Kafka – Part 1 – Fundamentals

Welcome to the first article on Kafka series. Here we will talk some theory concepts on Kafka fundamentals.
What is Kafka?
Kafka is a distributed streaming platform.
Stream here refers to stream of data. Imagine an organization has around 3 source systems and 4 target systems. Each system needs to communicate with each other to transfer the data between systems. If you think of achieving this using Web services like – SOAP or REST, then you may be need to define around 12 Integrations as shown below

This is where the messaging solution comes in!! In the previous posts on JMS series, we talked about messaging model – point-to point & publish and subscribe.
Here in the above use case, Publish and Subscribe can solve the problem, where the source system can just publish the messages to a messaging platform or a broker and the interested target systems can subscribe and receive the published messages.
In the below picture, you will see Kafka as a messaging broker, where different applications can produce messages (send) to Kafka broker and also different applications can consume the same messages.

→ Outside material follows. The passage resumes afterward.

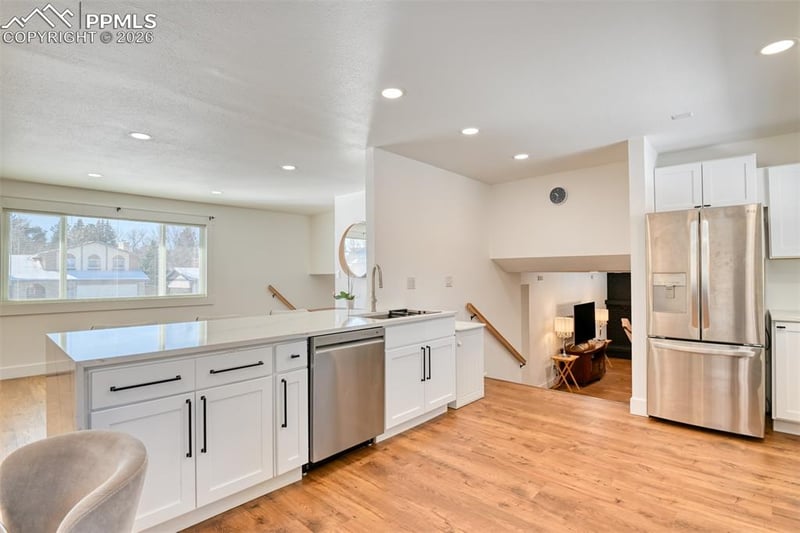 2855 Villa Loma Dr, Colorado Springs, CO 80917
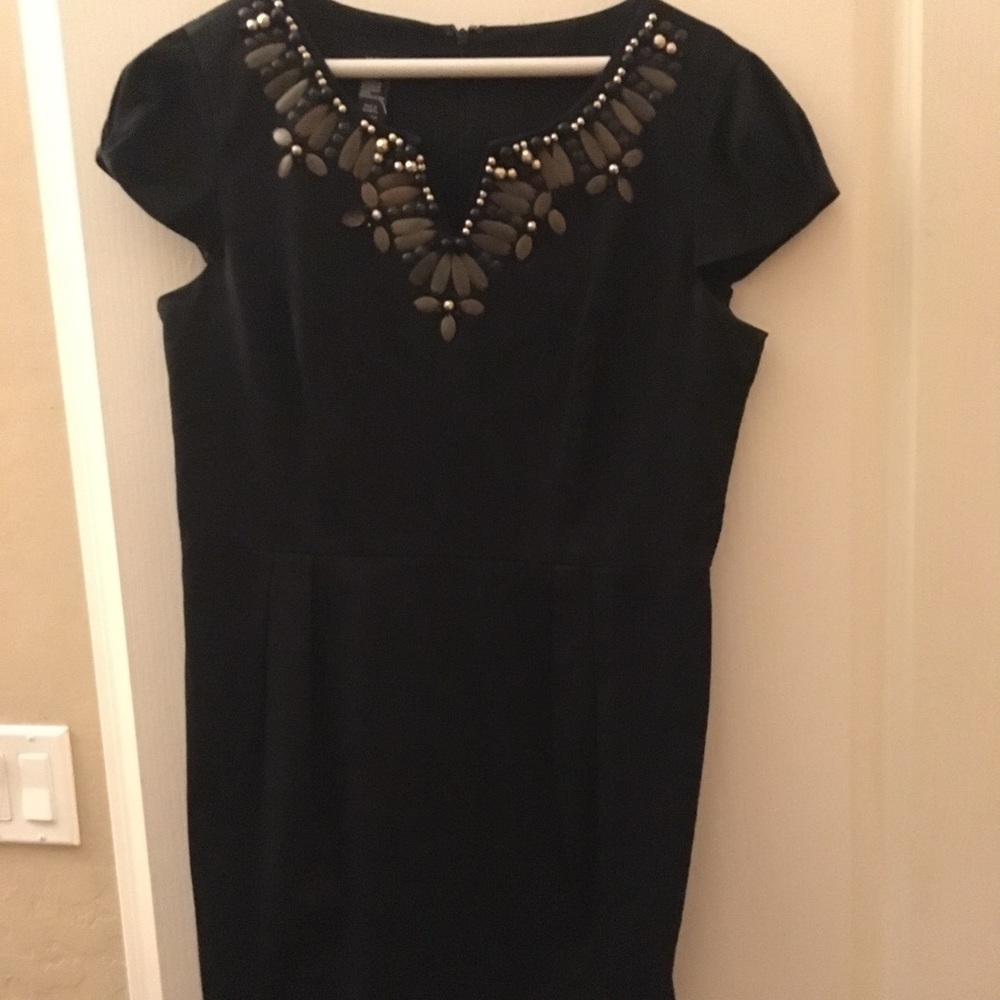 Cap sleeve black dress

In the above picture, You see there are producers, consumers, connectors, Stream processors. What are they?
These are the core Java APIs in Kafka.
- Producer API
- Consumer API
- Streams API
- Connector API
When Kafka was introduced, it came up with two simple Java APIs – Producer and Consumer. In later point of time, many contributed to build new APIs like Streams, Connector that is built over Producer and Consumer APIs.
Producer API – Set of library that allows an application to send streams of data to one or more topics.
Consumer API – Set of library that supports reading streams of data and perform action on it.
Streams API – Streams API Library is built on top of Producer and Consumer API. Streams API are mostly used in real time event processing. Pega engine, uses this streams API to process the real time data (Queue processors uses this Kafka Stream API).
Kafka streams API can both read the stream data and as well as publish the data to Kafka. It is one of most powerful API that is getting embraced many many organizations.
Connector API – There are two types
a) Kafka Connect Source API – This API is built over producer API, which bridges the application like databases to connect to Kafka.
b) Kafka Connect Sink API – This API is built over consumer API, which can read stream of data from Kafka and store it in other applications or databases.
I would suggest you go through the below link for more details on Kafka API
Kafka architecture terminologies
Topic, Partitions and Offset–
Topic
Topic is a name to group the Kafka messages.
Think of a database, where you can use tables to store set of related data. Similarly in Kafka, the storage part is named as Topic.
Note: We already saw the term Topic in publish and subscribe model.
You can have ‘n’ number of Topics
Partitions
Topics are split into partitions.

When defining a topic, you can always specify how many partitions you need.
In the above picture, you see there are 3 partitions defined for the kafka topic and 14 messages written into the Kafka topic and stored equally in 3 partitions.
Offset
Each message within the partition gets an incremental ID called offset.
Partition 1 hold 5 messages, Partition 2 – 4 messages and Partition 3 – 5 messages.
You may get a question, what is the order of messages?
Offset order is guaranteed only within the partition.
It means in Partition 2, Offset 1 message may be sent before Offset 0 in Partition 1. The offset are immutable and keeps on increasing!
– Offset has meaning only within the partition.
As I said the 14 messages in the topic are split into 3 partitions. So offset 1 in partition 1 and offset 1 in partition 2 are not the same message.
Data in a topic is kept only for a limited time. By default, the data is kept for 1 week, but can configured to store for long.
Important note: Even when the message is removed from the queue, the offset do not reset. It just keeps on incrementing.
Let’s see a real-time example.
Uber is the real-time usecase for Kafka. Uber uses Kafka to track their cars.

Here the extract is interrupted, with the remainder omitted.